Restate the listing word for word. Stop at the line that holds "Damascus folding blade", include it, and leave out all pictures.

Collected data –
————————

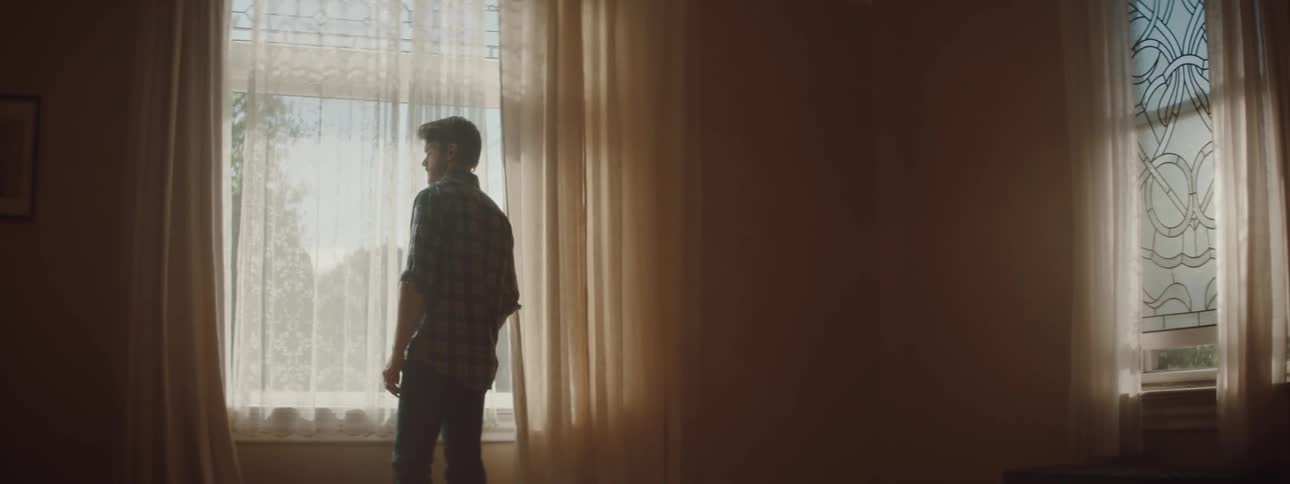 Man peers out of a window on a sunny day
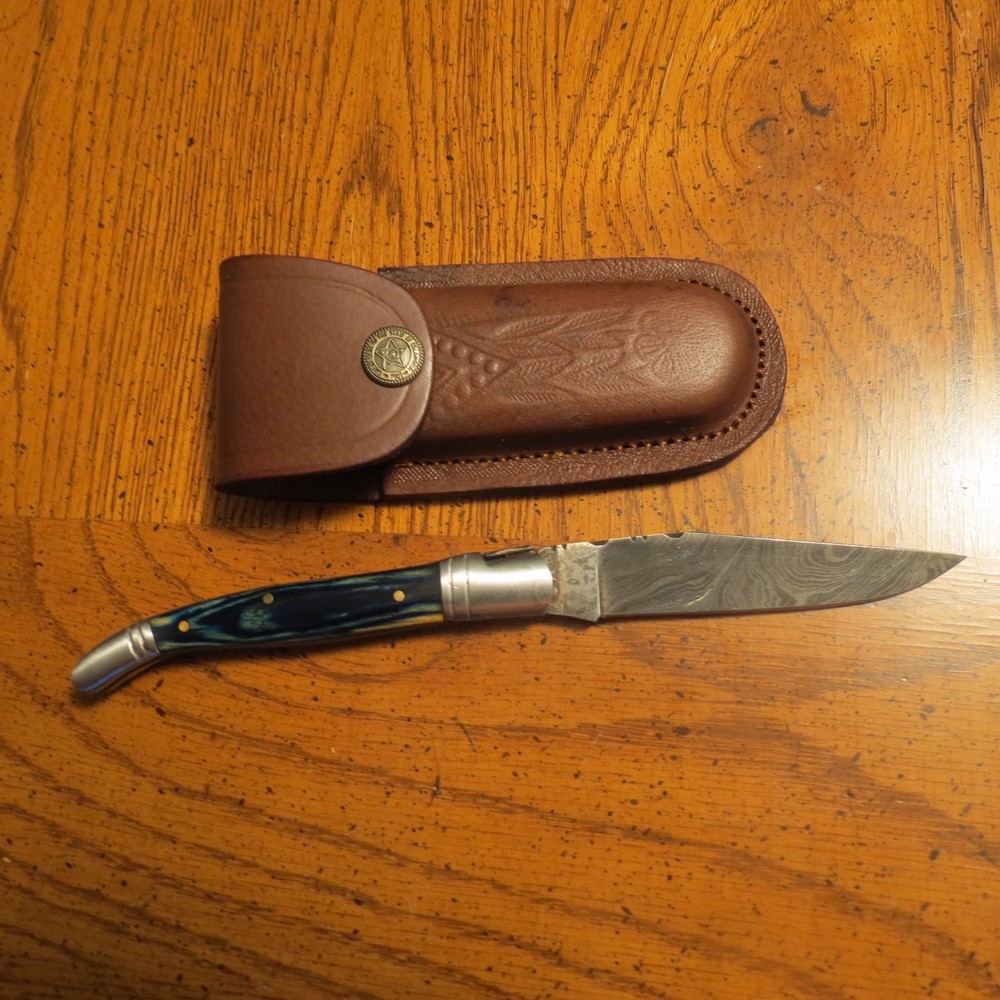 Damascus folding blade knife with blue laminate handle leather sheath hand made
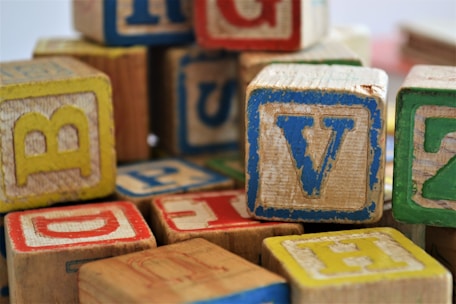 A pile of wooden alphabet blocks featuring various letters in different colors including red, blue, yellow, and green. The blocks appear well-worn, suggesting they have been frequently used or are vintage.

————————

Solution –
 Man peers out of a window on a sunny day
 Damascus folding blade knife with blue laminate handle leather sheath hand made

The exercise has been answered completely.